Over the last couple of days MSNBC’s Keith Olbermann has aired interviews with former National Security Agency employee Russell Tice that have shed a great deal of light on large-scale surveillance and data acquisition conducted during the Bush Administration. For those of you interested in the short version of the story, it boils down to two things:
1) Systemic, pervasive surveillance of ALL (that’s everything, everywhere!) electronic communications was conducted by the NSA and that the metadata gained from it was used to make possible targeted surveillance of particular people and groups.
2) Those groups included the news media: despite what Tice was told initially about how his work would be used to exclude certain groups, he eventually realized that it was actually being using to include them. These targeted people and groups were then subjected to a higher level of surveillance: that is, not only was the metadata acquired and stored, but the data — the actual content of every email, every IM, every phone call, every fax, everything — was acquired and stored.
For those of you with more than a passing interest in this sort of thing, the following paragraphs will explain the techniques and the technology that make such massive spying possible.
The “rap” on government wiretaps and electronic surveillance has always been that, while it was possible to collect massive quantities of data,—there were literally boxcars full of raw (unheard) tape recordings stored at the NSA facility in Ft. Meade, Md. during the Cold War—actually making sense (or even reviewing) of what was collected was another story altogether. The NSA actually picked up conversations that could have been used to disrupt the 9/11 terrorists; they weren’t listened to until after the attack.
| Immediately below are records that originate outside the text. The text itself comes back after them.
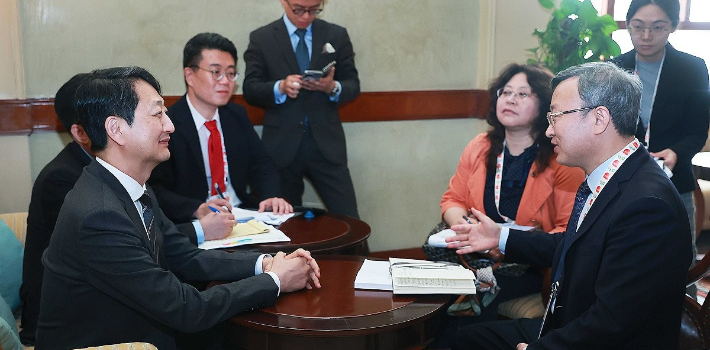 안덕근 산업통상자원부 통상교섭본부장이 지난 8월 25일(현지시간) 인도 자이푸르 램바 팰리스호텔에서 왕셔우원 중국 상무부 국제무역담판대표와 면담하고 있다. 연합뉴스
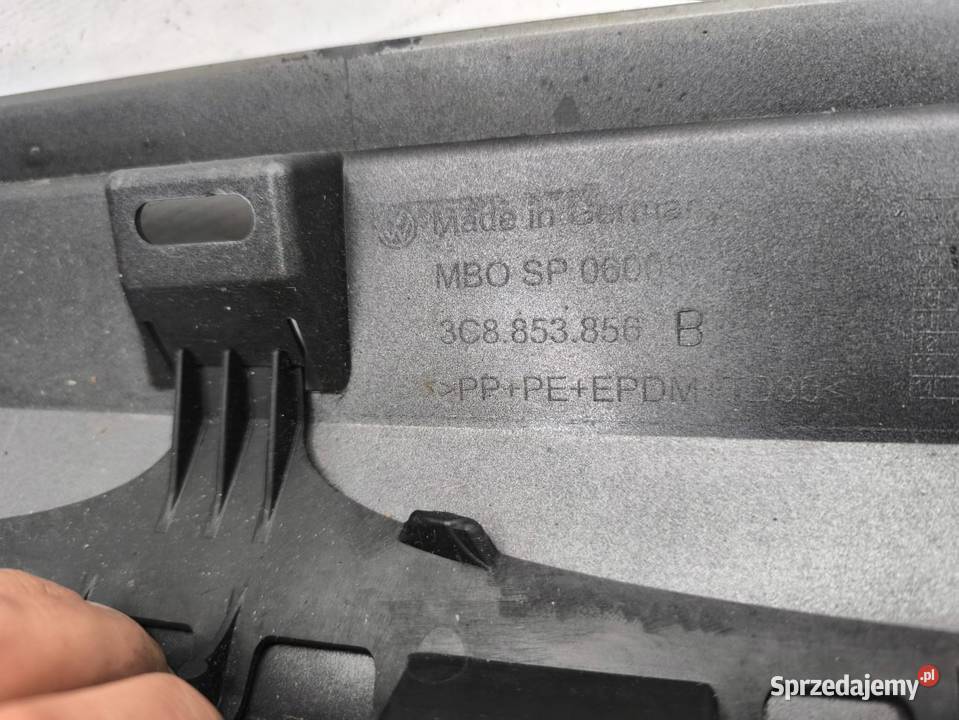 LISTWA NAKŁADKA PROGU PRAWA VOLKSWAGEN PASSAT CC osobowe wielkopolskie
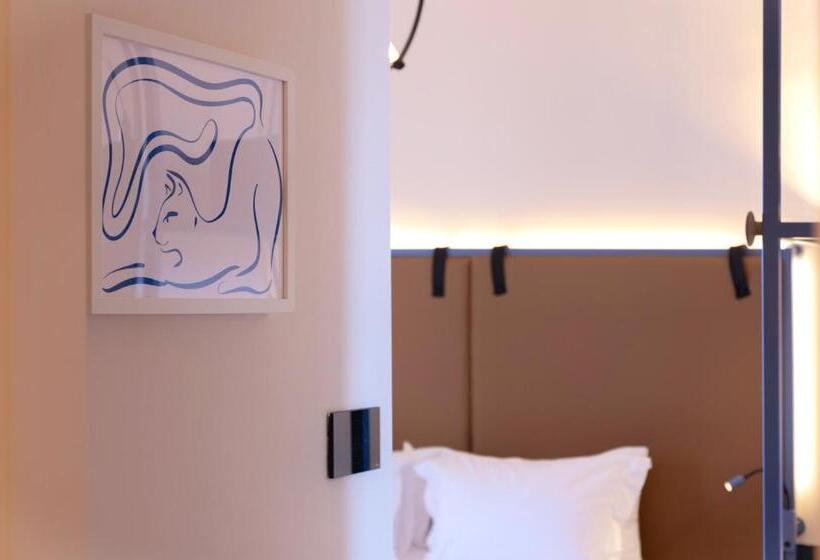 חדר סטנדרט, Heart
Advances in technology have made massive collection of electronic communications possible and made the process of actually retrieving useful data for analysts quick and easy. Blogger Rider on the Storm over at the Daily Kos provides what I’ve found to be the most painless description of how this process works:
The two tiers of surveillance that Mr. Tice described consist of all-encompassing metadata acquisition and more tightly focused data acquisition. Here’s an example of how that might work: suppose you know that The Bad Guys all picked up a certain brand of cheap digital camera and that’s what they’re using to take pictures of potential targets and share them. Suppose that this particular model of camera has a default setting of 1846×948 pixels, and suppose that The Bad Guys are transferring these files around via email, using accounts on free mail providers like Yahoo and Hotmail and Gmail.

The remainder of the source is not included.